Moras said the focus she’s put into her YouTube channel and online training studio is so that she has an audience to expand into more kinds of training in the future.
“I want to add more instructors to my studio and develop more content than I am now,” she said. “What I make now fans love, and I know I can continue to make more of it.”
Recognize Your Power
Confidence is something that Green said more student-athletes need as they venture into monetizing their brands.
“Companies and brands are going to approach you because of what you’ve achieved,” she said. “Don’t lose sight of how hard you’ve worked to get to where you are, where people want to work with you, where you have a following. You need to remember that you have the upper hand.”
All student-athletes have the potential to become entrepreneurs, D’Ambrosio said.
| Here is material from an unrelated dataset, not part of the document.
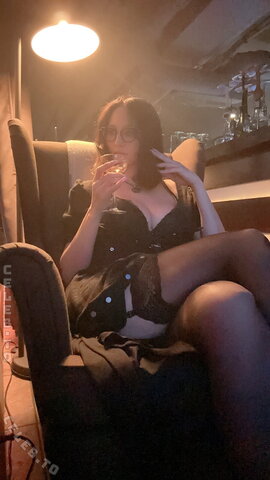 gliese__581 – Exhibitionism in the bar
“We have worked with thousands of student entrepreneurs, and many don’t know how much opportunity and support they have to explore entrepreneurship,” D’Ambrosio said. “We encourage all students to experience entrepreneurship. They might be successful and make a lot of money, or they just get a lot of valuable business experience they use in other areas. Either way, the experience is lifechanging.”
It Doesn’t Have to be about Sports
Even though Moras turned her athlete experience into a brand and business, that’s not the only path. Green said she’s seen more student-athletes start different kinds of businesses using their name, image, and likeness outside of sports.
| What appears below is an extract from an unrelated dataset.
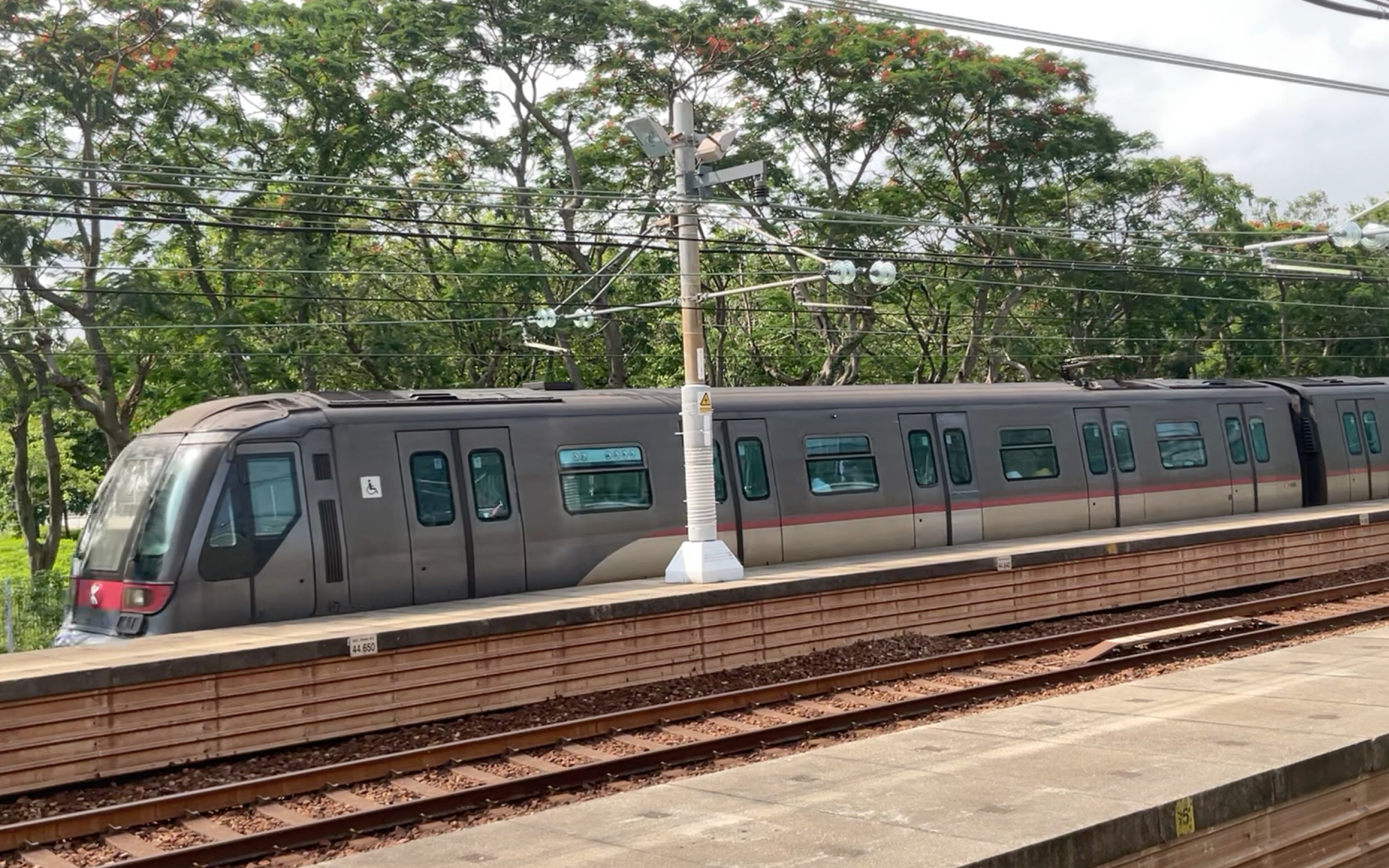 【港铁东涌线】德国西门子/西班牙a-train列车出站!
“Lots of our student-athletes have moved to social media influencing,” she said. “But I’ve also seen them start producing music, endorse makeup and hair products, work in the retail space, even develop trading cards. You may have a specific skill-set associated with athletics, but that determination and grit that you learned while participating in sports can translate to thousands of other interests.”
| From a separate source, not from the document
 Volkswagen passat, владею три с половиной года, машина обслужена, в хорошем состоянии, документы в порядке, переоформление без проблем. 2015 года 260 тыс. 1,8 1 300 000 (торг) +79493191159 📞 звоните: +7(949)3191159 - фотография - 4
Moras said it’s all about your love of what you do –– just like any other entrepreneur.
“What’s important is that the content you’re creating comes from a genuine place of passion,” Moras said. “When you’re passionate, people can tell. You make more authentic, interesting content, and people naturally want to engage with what you do.”
Learn more about Elevate U student-athlete program at utahutes.com/elevate. Learn more about programs for all student entrepreneurs at the University of Utah on the Lassonde Entrepreneur Institute website at lassonde.utah.edu.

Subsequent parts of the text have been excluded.